In response to open-access policies and science demands, ever-increasing numbers of geochemical databases are emerging at national, programmatic, and subdomain levels. As such, there is an urgent need for the geochemistry community to coordinate these efforts and collaboratively define the required data and metadata standards, and best practices, that will enable worldwide interoperability and re-use of geochemical data and methods. The international OneGeochemistry initiative is responding to this need, as it aims to create a global geochemical data network that facilitates and promotes discovery of, and access to, geochemical data by unifying diverse data strategies developed across the globe6,7.

Changing data culture in geochemistry

Changing data culture requires broad adoption of new rules, workflows, and values. Open and comprehensive data sharing needs to be mandated and enforced by funders and publishers. All data should be shared via repositories that follow the FAIR principles, and every dataset should be assigned a globally unique identifier (such as a DOI), where every physical sample should have an IGSN (International Geo Sample Number) to link the original sample material unambiguously to data and publications. Repositories should ensure compliance with domain-relevant community standards that describe the analytical procedure, sample provenance, and data quality. Adaptation to a FAIR data culture will require the potentially uncomfortable recognition that fully illuminating data and methods could identify mistakes or oversights. Researchers must establish the attitude that this identification is a positive outcome that will ultimately advance scientific progress.

Researchers will need guidance and resources to adopt and adapt to new practices.
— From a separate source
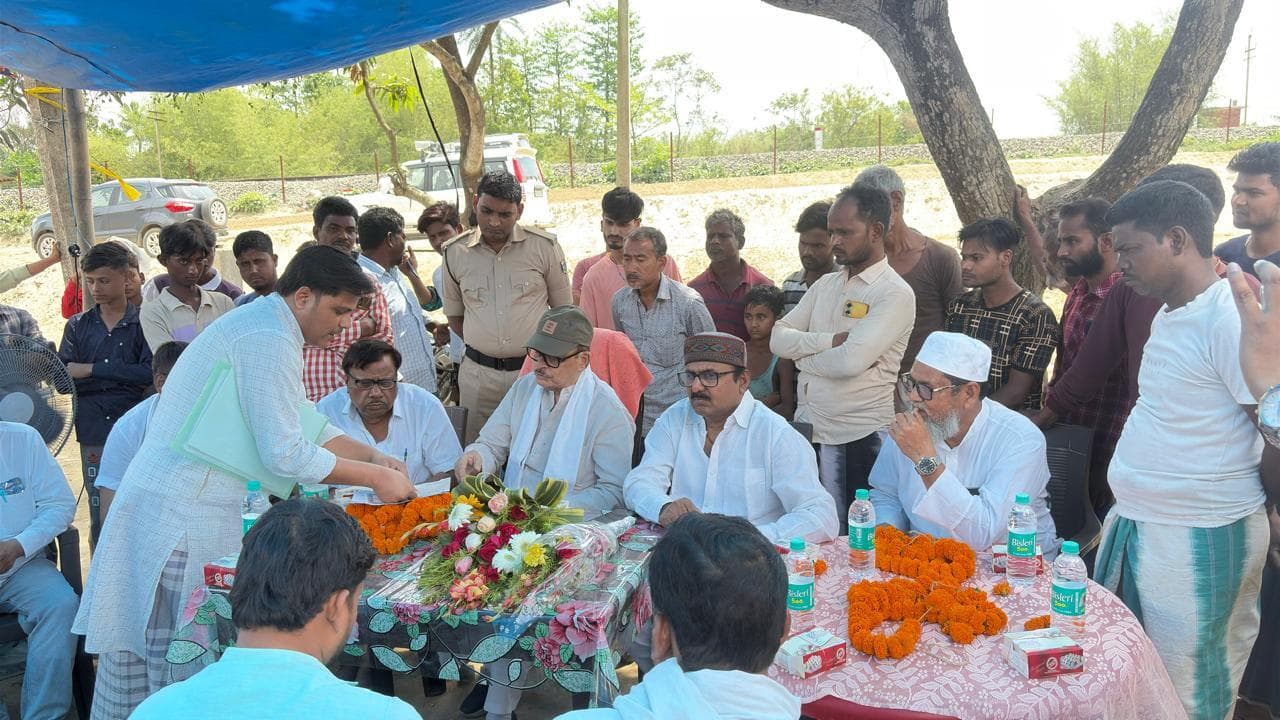 महंगाई से कराह रही जनता, सरकार प्रचार में व्यस्त: तारिक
Innovative digital tools are needed to support automated data and metadata capture in the laboratory (for example using electronic laboratory notebooks, ELNs) and to facilitate data cleaning during database incorporation. Manufacturers of analytical instrumentation need to provide open interfaces to data and metadata generated by their software to be linked to ELNs. Institutions and funders need to allocate funds to support the effort of proper data management.

A fundamental requirement for geochemical data culture change is that researchers get credit for sharing their data. Universities and research institutes must recognize the value of open data curation and help grow awareness and appreciation of the FAIR data principles. Teaching of data handling and open science principles should be embedded alongside the earliest introduction to geochemical data during undergraduate study. Meanwhile, data and open science sessions at geoscience conferences must be promoted on center stage instead of being scheduled in competition with discipline-specific sessions.

Lastly, a sustained global geochemical data infrastructure, like the OneGeochemistry initiative, is urgently needed to facilitate the use and maximize the impact of data to ensure scientific progress. International coordination is essential to ensure geochemical database interoperability and consistent analytical quality and metadata standards. Only then will the full potential of multidisciplinary progress be unlocked to address fundamental research questions regarding Earth’s past and uncertain future.